START Stored data
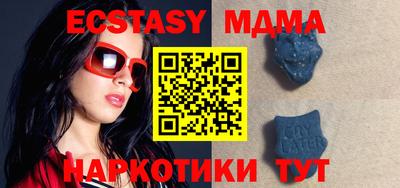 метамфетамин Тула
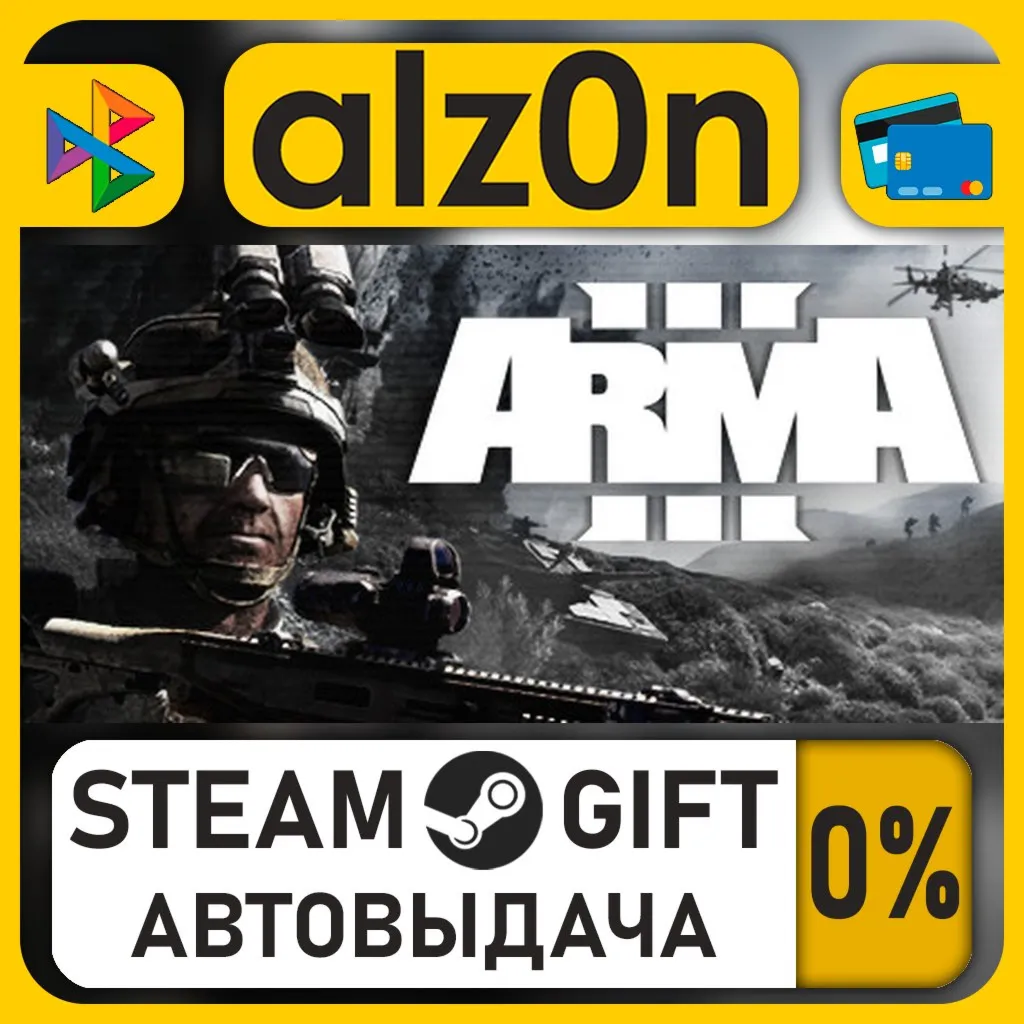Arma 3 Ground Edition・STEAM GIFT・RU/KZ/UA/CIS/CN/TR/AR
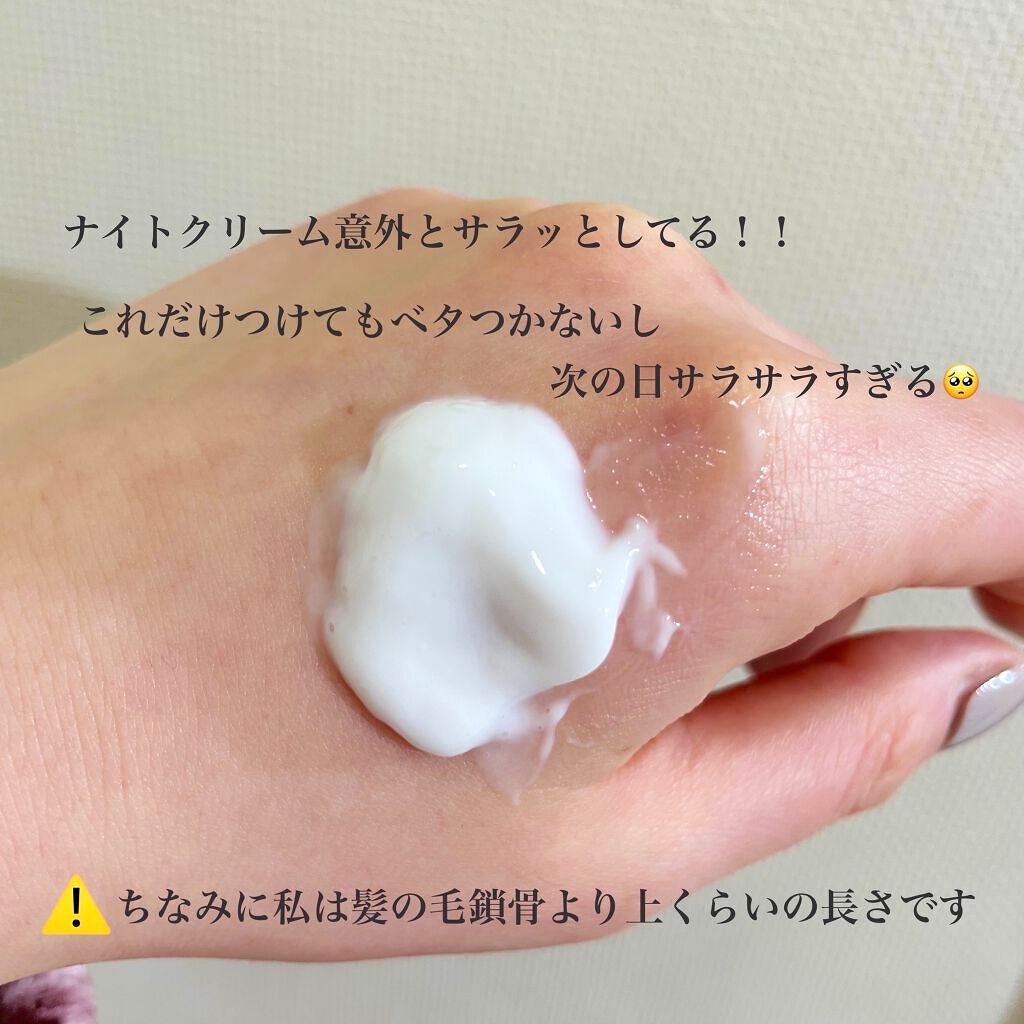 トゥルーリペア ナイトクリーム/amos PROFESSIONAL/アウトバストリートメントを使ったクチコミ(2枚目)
END Stored data
• Task item
For this task, give the full listing again verbatim and keep out every picture.

• Solution
 метамфетамин Тула
Arma 3 Ground Edition・STEAM GIFT・RU/KZ/UA/CIS/CN/TR/AR
 トゥルーリペア ナイトクリーム/amos PROFESSIONAL/アウトバストリートメントを使ったクチコミ(2枚目)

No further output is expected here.